* [Task inputs]

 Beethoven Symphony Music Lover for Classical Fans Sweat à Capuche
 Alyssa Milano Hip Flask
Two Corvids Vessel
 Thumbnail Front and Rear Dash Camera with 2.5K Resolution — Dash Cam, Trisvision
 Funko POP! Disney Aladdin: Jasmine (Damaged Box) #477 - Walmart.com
--
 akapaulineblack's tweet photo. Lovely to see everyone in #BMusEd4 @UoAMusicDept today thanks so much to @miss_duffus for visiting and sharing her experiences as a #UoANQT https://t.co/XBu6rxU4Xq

* [Problem statement]
Looking at the records above, return exactly the lines from the line with "Two Corvids Vessel" to the line with "Funko POP! Disney", both ends included.

* [Task result]
Two Corvids Vessel
 Thumbnail Front and Rear Dash Camera with 2.5K Resolution — Dash Cam, Trisvision
 Funko POP! Disney Aladdin: Jasmine (Damaged Box) #477 - Walmart.com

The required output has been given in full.